ASH: AbbVie, Roche pad their case for fixed-duration Venclexta use in CLL

ORLANDO, FLORIDA—AbbVie and Roche have been fielding their fair share of questions about how well a fixed-duration regimen of Venclexta and Rituxan can keep chronic lymphocytic leukemia (CLL) from returning after therapy ends. The companies now think they have some compelling answers.

The duo posted an 81% reduction in the risk of disease progression or death at the four-year treatment mark, topping a pairing of Rituxan and bendamustine, the partners said Sunday at the American Society of Hematology (ASH) annual meeting.

The drug combo also put up higher rates of minimal residual disease-negativity, a commonly used metric in CLL that measures the number of leukemia cells remaining in the body after treatment.

In terms of extending lives, the Venclexta-Rituxan duo also cut the risk of death by 59%, and 68% of patients who received the combo were alive with their cancer still at bay 24 months after stopping therapy.

RELATED: AbbVie, Roche drive Venclexta toward $3B with Rituxan combo nod in CLL

The performance “really demonstrates that there is no dropoff,” even after an additional year off of treatment, said Rod Humerickhouse, asset strategy leader at AbbVie.

"That brings a lot of confidence and really answers that key question for us: ‘Yes, you can stop,'" Humerickhouse added, "and those patients … who have achieved deeper responses, they are doing extremely well and are going to benefit from long periods of treatment-free remission.”

In the past, that level of response—which Humerickhouse called “front-line-like”—was mostly reserved for “the young, fit patients who could get the more aggressive chemo” in the relapsed or refractory setting, he said. But now, it’s “almost universally available with a fixed-duration treatment.”

With those efficacy numbers in tow, AbbVie and Roche are looking at the combination’s fixed duration as a positive for patients who don’t want constant reminders of their disease.

“I was a practicing hematologist previously, and I would have preferred to treat my patients with something that would be completed in a year and would give them a really deep response,” Roche Senior Vice President Nancy Valente said. “They can return to their lives rather than be reminded every day by taking a pill that they still have cancer and still need cancer therapy.”

“You essentially have a period where your life is normal,” Humerickhouse added, and “I think that is quite meaningful."

"Then we can even begin to talk about the value or cost of therapy that we aren’t realizing at the patient level or for the healthcare system as a whole," he said. "Fixed duration does bring a real value to many stakeholders."

RELATED: AbbVie, Roche snag another CLL nod, this time for Venclexta-Gazyva

Of course, there are other options—and those include therapy with BTK inhibitor Imbruvica (ibrutinib), the blockbuster cancer-fighter AbbVie shares with Johnson & Johnson’s Janssen unit. That drug, in tandem with Rituxan and bendamustine, bears a green light in previously treated patients.

But AbbVie is also working to combine the two blood cancer stars to treat newly diagnosed patients. Saturday at ASH, the phase 2 Captivate study showed marrying Imbruvica and Venclexta could effectively clear disease in more than 70% of patients.

“Continuous ibrutinib therapy is still the standard of care. I don’t think that’s changed,” said Mark Wildgust, VP of global medical affairs for oncology at Janssen.

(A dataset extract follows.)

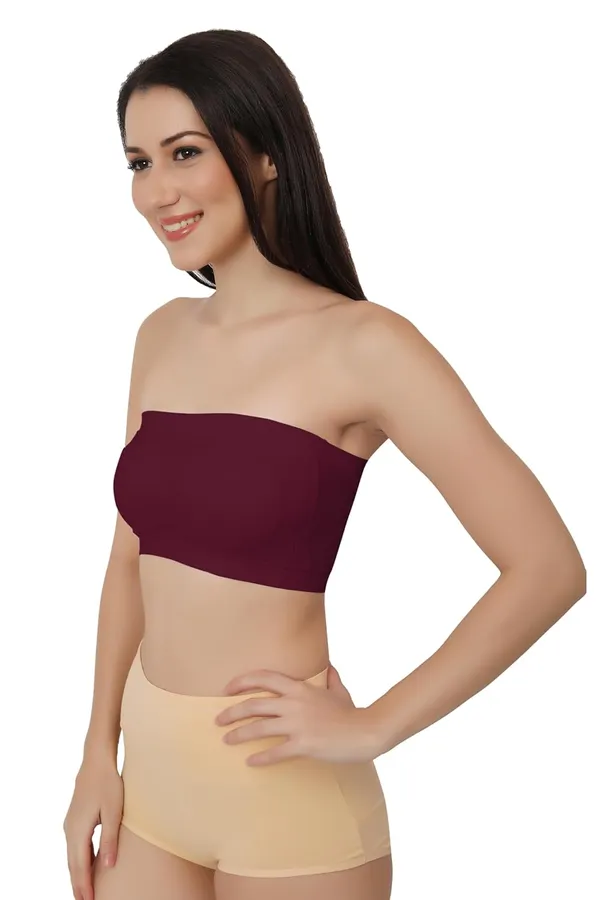 Maroon_Strapless_Comfort_With_Seamless_Bandeau_Tube_Bra_-_Removable_Pads,_Multi-Color_Range,Soft_Nylon-Spandex_Blend,_All-Day_Support_For_Women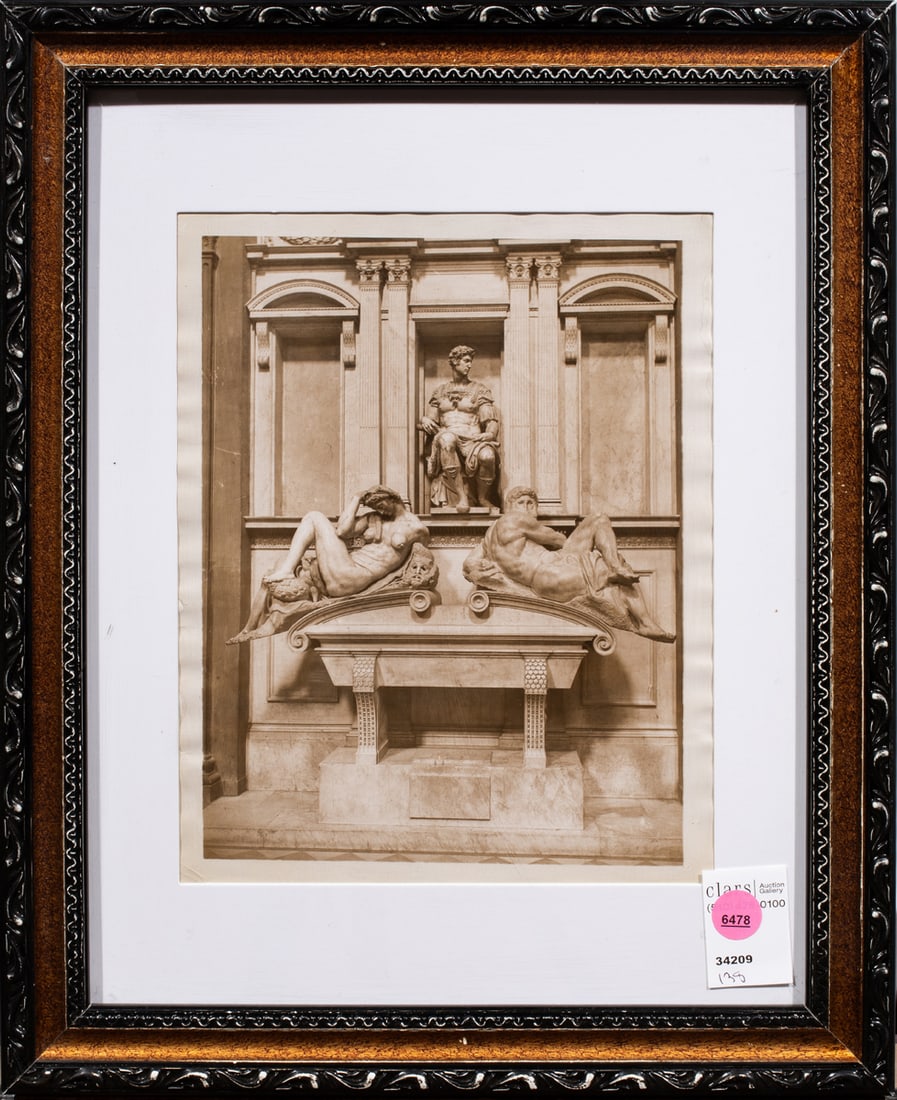 Photograph, Italian School (19th/20th century): Italian School (19th/20th century), Michelangelo's Florentine Tomb of Guiliano Medici, sepia-toned gelatin silver print, overall (with frame): 16"h x 13"w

But with the Captivate results, “If you’re looking to try to find a CLL cell in the patients’ blood or bone marrow, it’s just not there in three quarters of them.”

If those results hold up in phase 3 trials and the regimen eventually scores a regulatory go-ahead, patients and their doctors will have some decisions to make, said Danelle James, head of clinical science at AbbVie’s Pharmacyclics business.

“It’s hard to beat the continuous therapy with ibrutinib in terms of progression-free survival just because it is a regimen that’s really beat all the other standards of care right now,” she said. But “if the patient doesn’t want to necessarily be monitored with labs or following their white count—they just want all their disease completely away—that’s where the regimen will be most compelling.”

For now, the companies still have plenty of questions to answer, SVB Leerink analyst Andrew Berens wrote in a weekend note to clients. 

"Based on the data presented at the meeting, it is still unclear how many patients could stop treatment, and of those that discontinued the BTK regimen, whether their prognosis differed from the current standard of care, continuous BTK usage until progression," Berens said.

"We see the fixed-duration venetoclax regimen as primarily replacing the chemo-immunotherapy usage in CLL (FCR)," he said, "with BTK treatment remaining the cornerstone of frontline usage in the majority of patients, even without fixed-duration implementation."